Crude Oil: is in a multi-year-long bull market and WTI is likely to trade over $70 a barrel in 2019 and over $80 in 2020. The “oil glut” has disappeared, with OECD oil inventories falling by the fastest pace in history (334 million barrel surplus in January 2017 to a 20 million barrel deficit in March 2018), indicating an undersupplied market. With oil demand growth of about 1.8 million barrels per day this year and OPEC’s continued strong compliance to its production cut, we see inventories continuing to fall and reaching a 10-year low by year-end.

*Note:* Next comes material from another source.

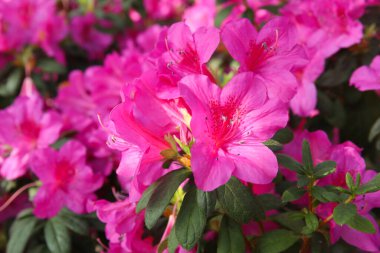 Açelya 'nın pembe çiçekleriyle güzel bir bahar görüntüsü.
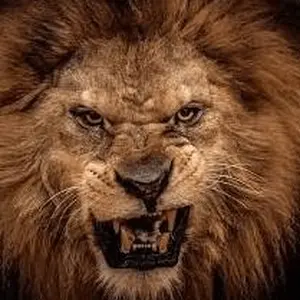 TRUTHWORDRADIO Pushing Back Dunkel With Das Licht Of Die Wahrheit. FM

Looking to 2019 and beyond, even with the full amount of OPEC shut-in production returning to the market, we see inventories continuing to fall in the coming years with spending, labour, equipment and pipeline constraints on U.S. production and non-U.S., non-OPEC production about to enter into a multi-year decline. Eventually the oil price will have to rise high enough to rationalize demand in order to find balance, as the four to six-year lead time on large-scale mega projects prevents the industry from reacting quickly enough to any price spike or supply interruption. While the U.S. is good, it isn't good enough to meet global demand growth and offset the impact of non-U.S., non-OPEC production declines, with OPEC having limited ability to grow for the next several years due to underinvestment.
While sentiment remains close to all-time historic lows, there are signs of optimism emerging. The energy market has begun to outperform the broader market even on days when oil is down. Strategists are upgrading the sector and corporate M&A has begun. We see the potential to make over 100 per cent on many situations. The risk versus reward in the energy sector has never been better in my 15-year career.